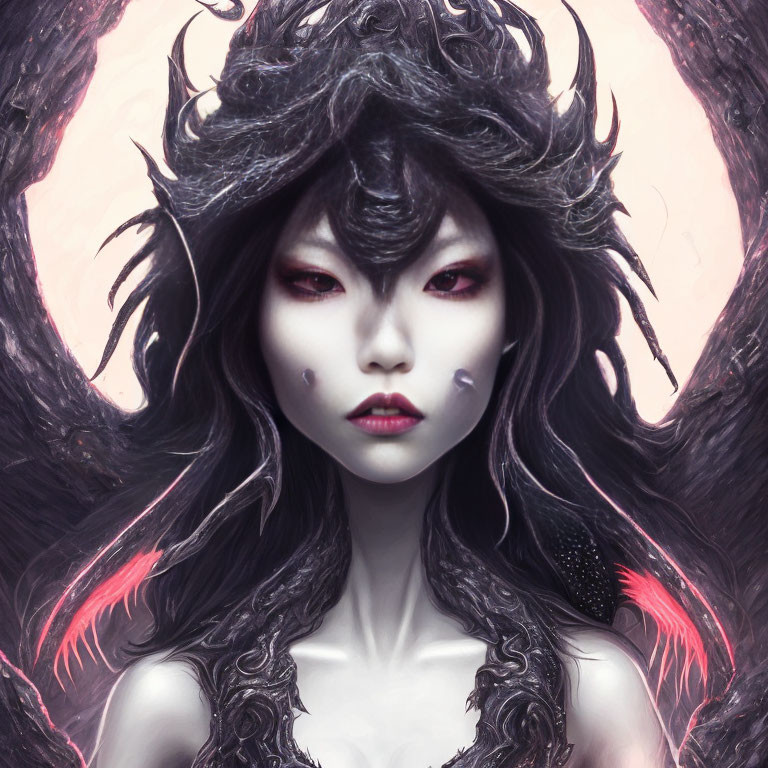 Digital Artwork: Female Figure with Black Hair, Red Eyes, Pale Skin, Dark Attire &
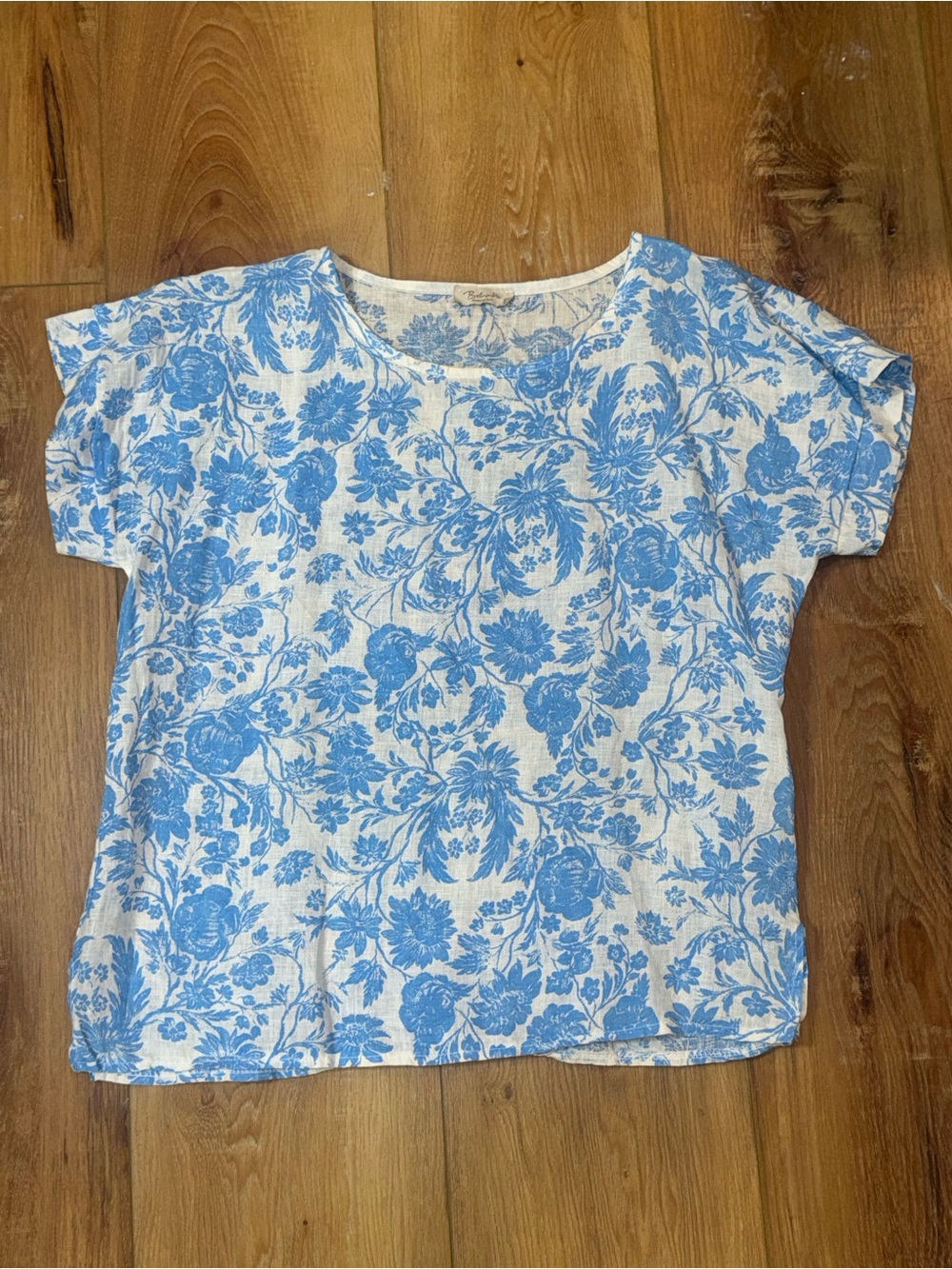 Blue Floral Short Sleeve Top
== == ==
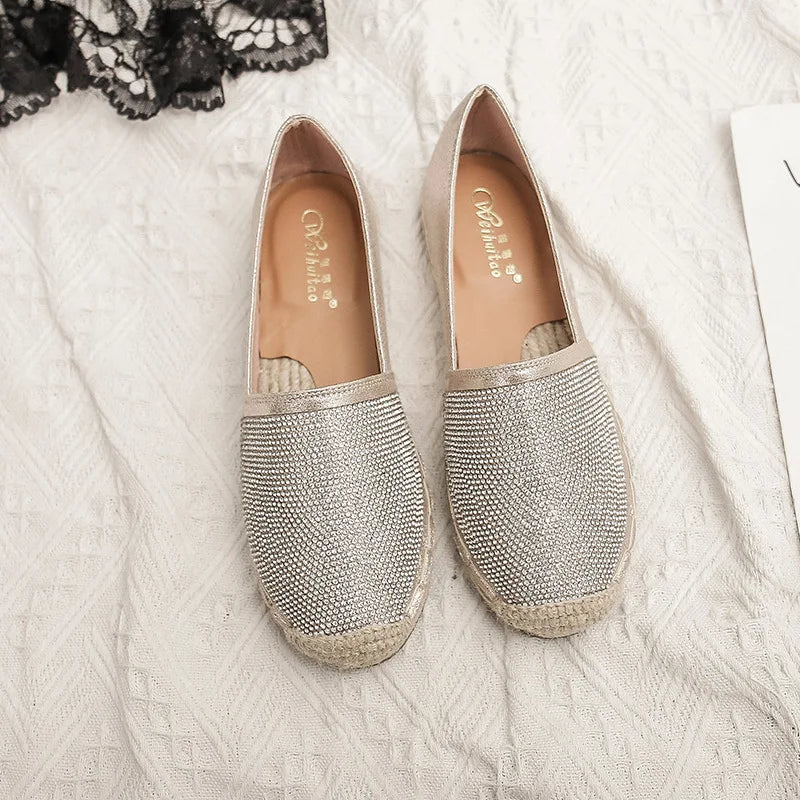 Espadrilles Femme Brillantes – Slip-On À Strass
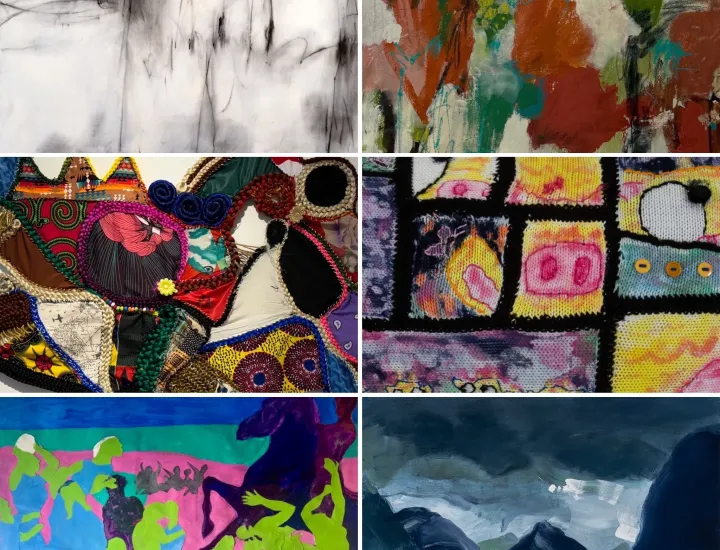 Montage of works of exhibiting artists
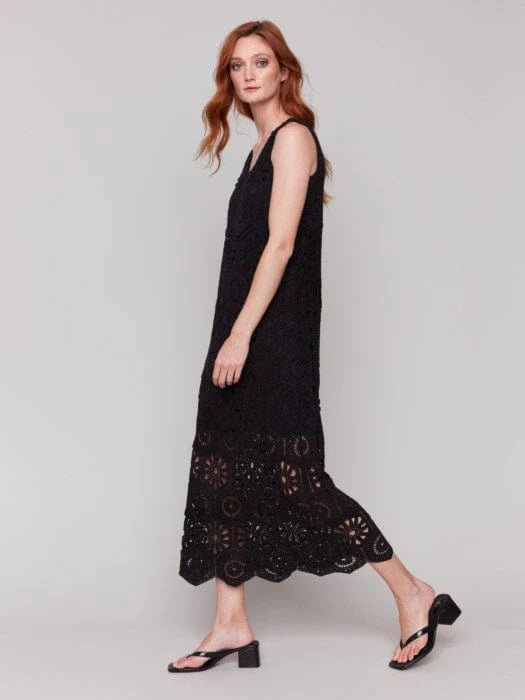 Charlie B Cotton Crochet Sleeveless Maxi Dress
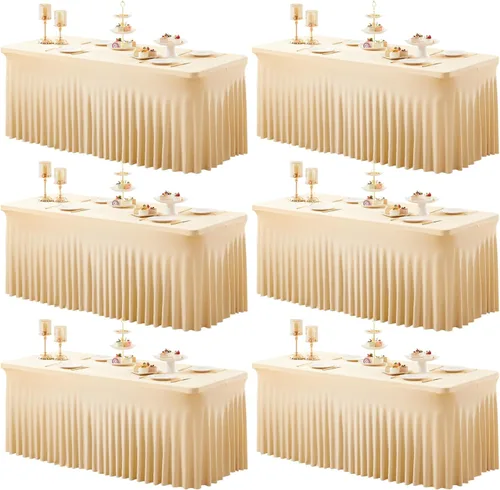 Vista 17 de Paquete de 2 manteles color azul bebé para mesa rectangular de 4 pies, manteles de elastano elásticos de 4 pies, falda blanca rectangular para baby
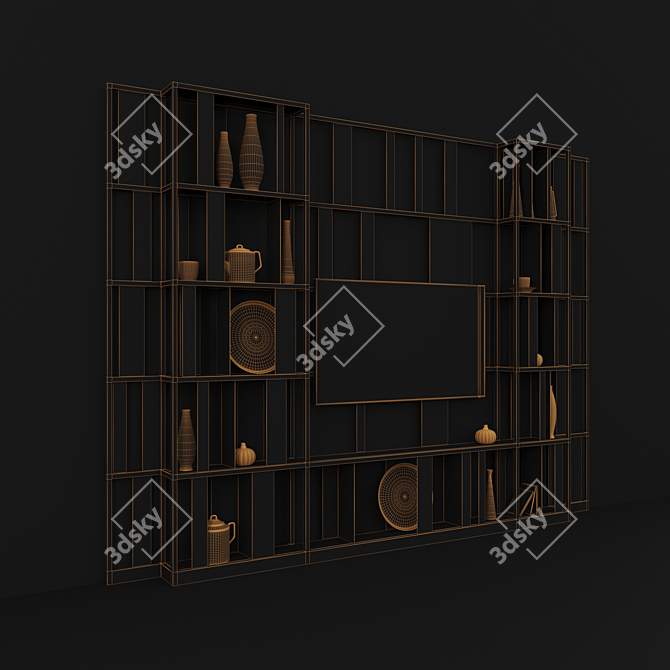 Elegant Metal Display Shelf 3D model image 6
== == ==
_EXERCISE DESCRIPTION_
Quote word for word only the lines above from the one containing "Digital Artwork: Female" through the one containing "Blue Floral Short Sleeve Top". Pictures stay out of your copy.

_THE COMPLETED TASK_
 Digital Artwork: Female Figure with Black Hair, Red Eyes, Pale Skin, Dark Attire &
 Blue Floral Short Sleeve Top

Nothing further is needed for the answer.